_Data for this exercise:_
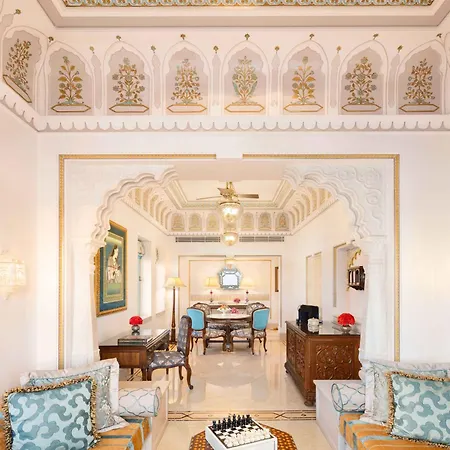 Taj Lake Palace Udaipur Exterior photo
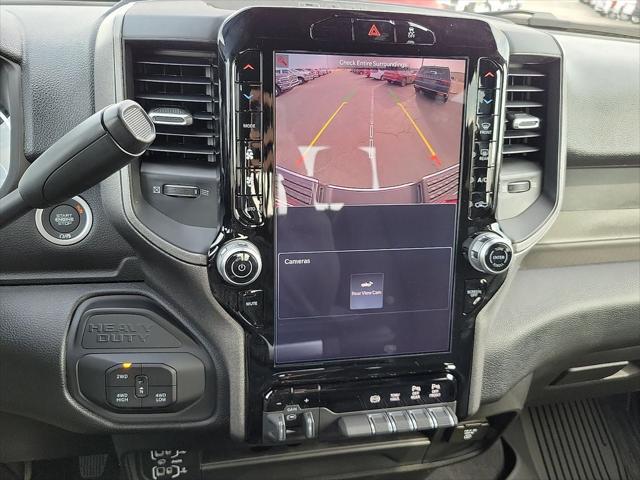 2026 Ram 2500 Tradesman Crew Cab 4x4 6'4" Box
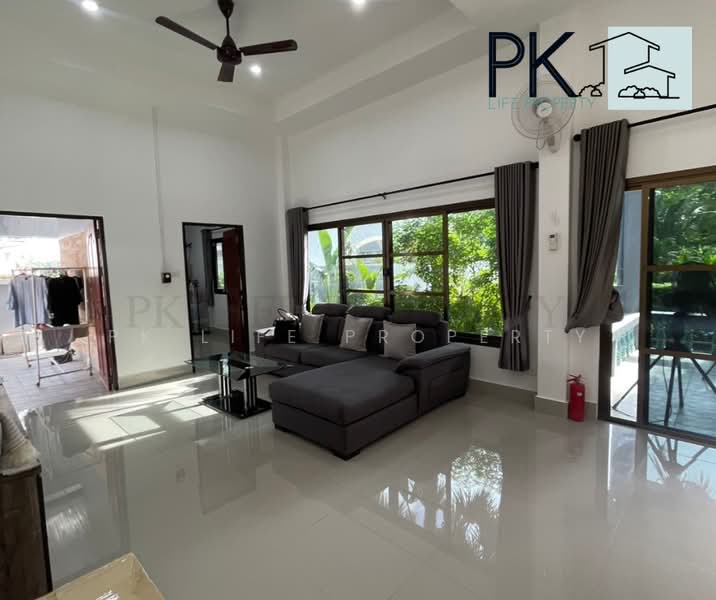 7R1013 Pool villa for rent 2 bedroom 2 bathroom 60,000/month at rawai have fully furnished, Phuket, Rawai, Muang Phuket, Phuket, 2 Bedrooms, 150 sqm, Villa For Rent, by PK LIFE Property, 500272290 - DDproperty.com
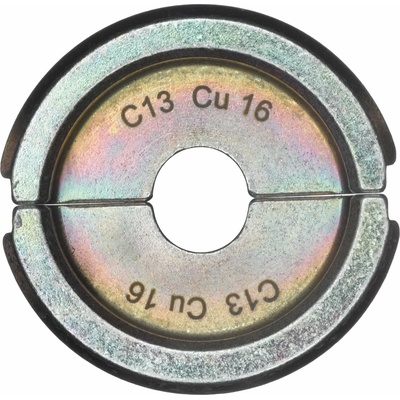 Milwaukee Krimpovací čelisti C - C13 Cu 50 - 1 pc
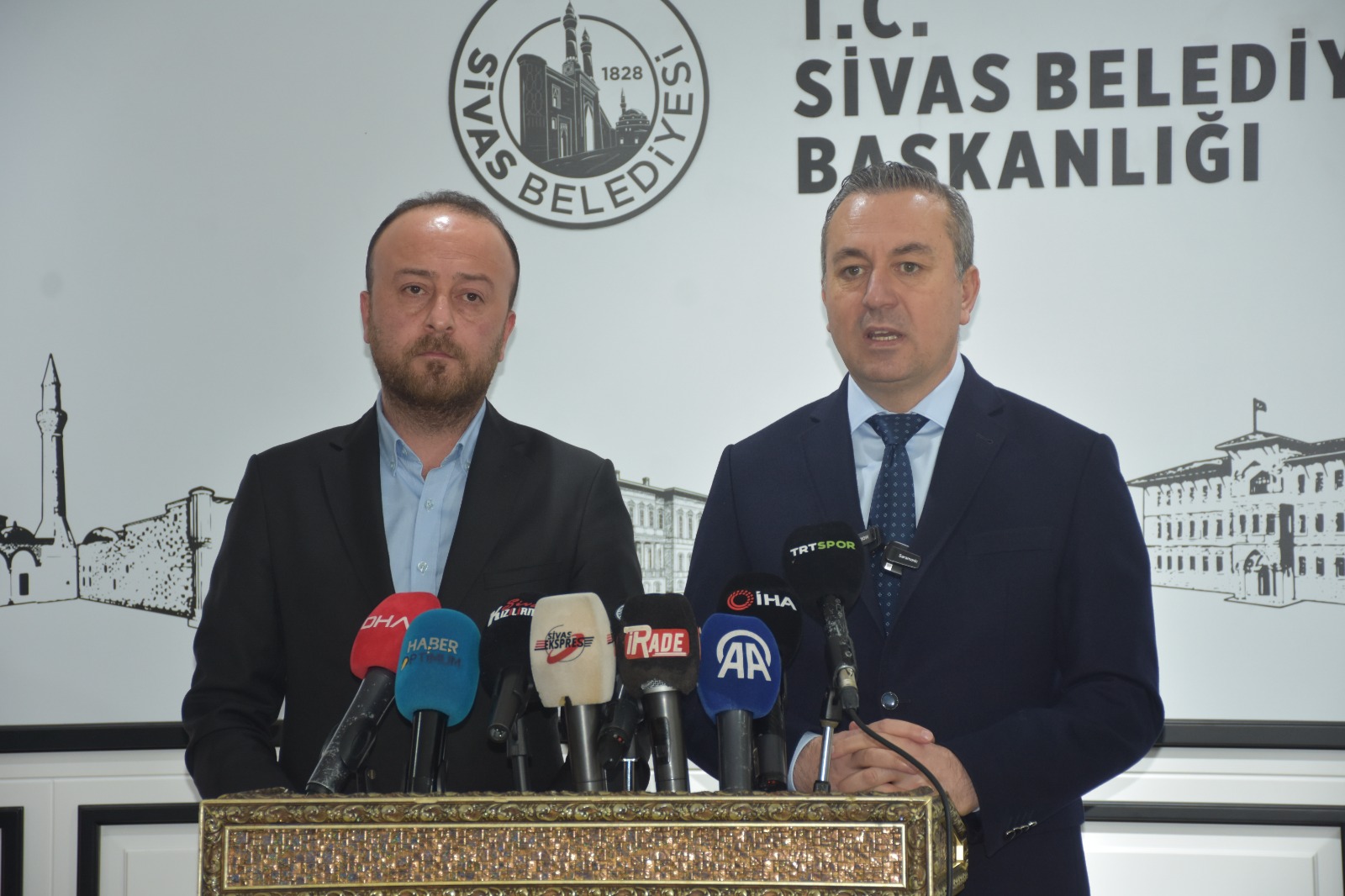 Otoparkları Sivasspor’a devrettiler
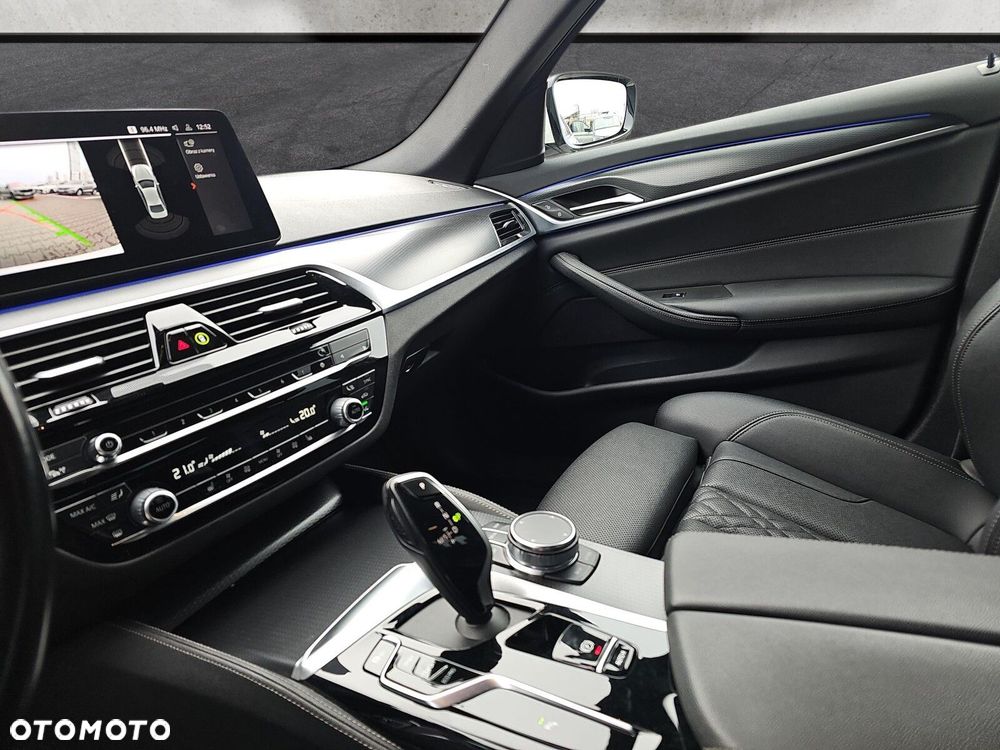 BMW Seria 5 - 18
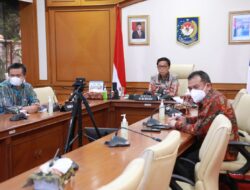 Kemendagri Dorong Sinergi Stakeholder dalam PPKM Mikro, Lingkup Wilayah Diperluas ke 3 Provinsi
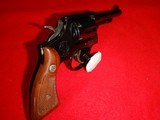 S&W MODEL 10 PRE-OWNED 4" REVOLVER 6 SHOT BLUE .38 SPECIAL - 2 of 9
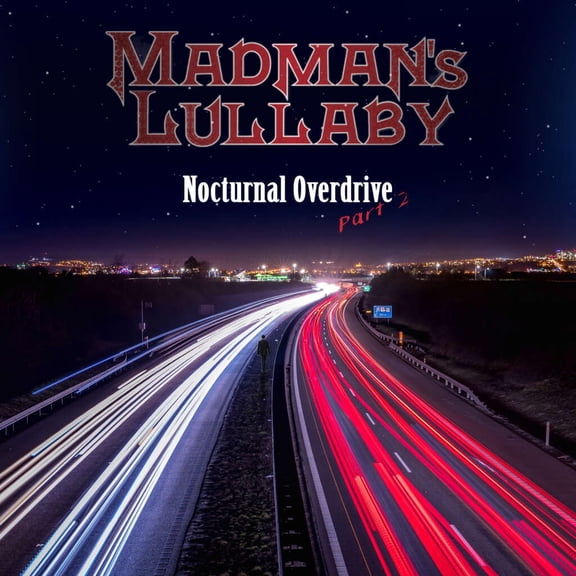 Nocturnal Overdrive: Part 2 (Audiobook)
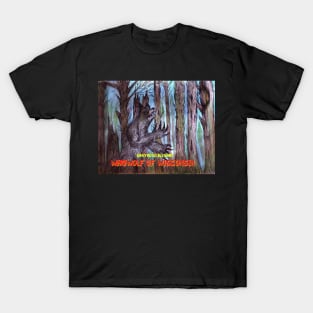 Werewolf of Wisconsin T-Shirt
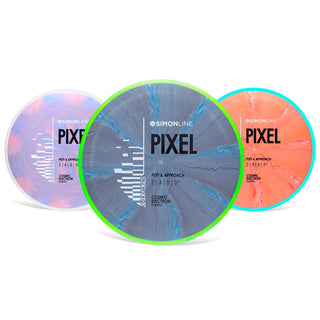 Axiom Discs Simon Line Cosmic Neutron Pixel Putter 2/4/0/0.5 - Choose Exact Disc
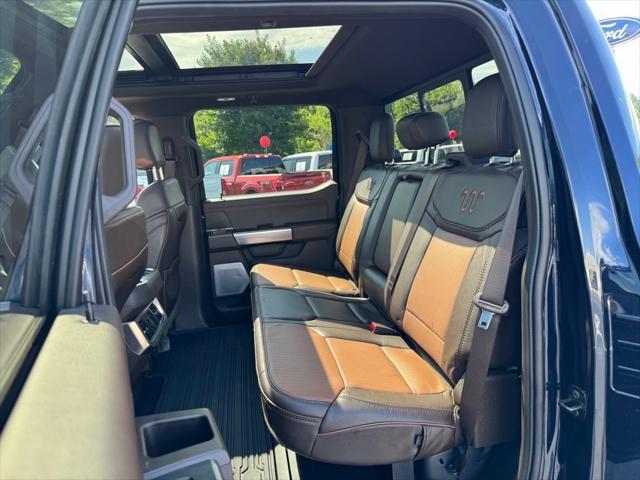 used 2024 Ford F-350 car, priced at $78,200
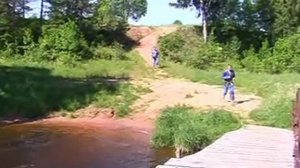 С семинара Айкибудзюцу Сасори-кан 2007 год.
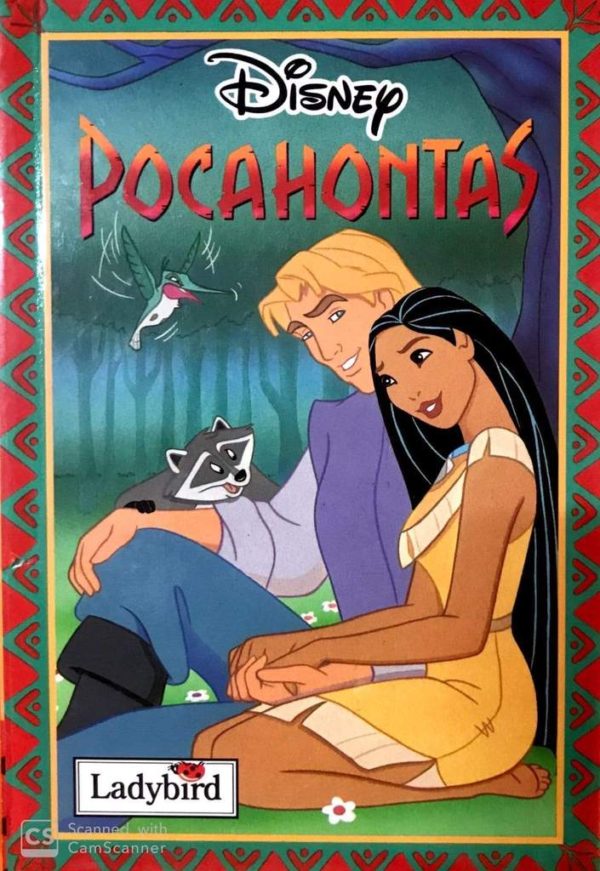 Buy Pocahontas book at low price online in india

_The task:_ Your copy should hold every entry exactly as written, but none of the pictures.

_Finished task:_
 Taj Lake Palace Udaipur Exterior photo
 2026 Ram 2500 Tradesman Crew Cab 4x4 6'4" Box
 7R1013 Pool villa for rent 2 bedroom 2 bathroom 60,000/month at rawai have fully furnished, Phuket, Rawai, Muang Phuket, Phuket, 2 Bedrooms, 150 sqm, Villa For Rent, by PK LIFE Property, 500272290 - DDproperty.com
 Milwaukee Krimpovací čelisti C - C13 Cu 50 - 1 pc
 Otoparkları Sivasspor’a devrettiler
 BMW Seria 5 - 18
 Kemendagri Dorong Sinergi Stakeholder dalam PPKM Mikro, Lingkup Wilayah Diperluas ke 3 Provinsi
 S&W MODEL 10 PRE-OWNED 4" REVOLVER 6 SHOT BLUE .38 SPECIAL - 2 of 9
 Nocturnal Overdrive: Part 2 (Audiobook)
 Werewolf of Wisconsin T-Shirt
 Axiom Discs Simon Line Cosmic Neutron Pixel Putter 2/4/0/0.5 - Choose Exact Disc
 used 2024 Ford F-350 car, priced at $78,200
 С семинара Айкибудзюцу Сасори-кан 2007 год.
 Buy Pocahontas book at low price online in india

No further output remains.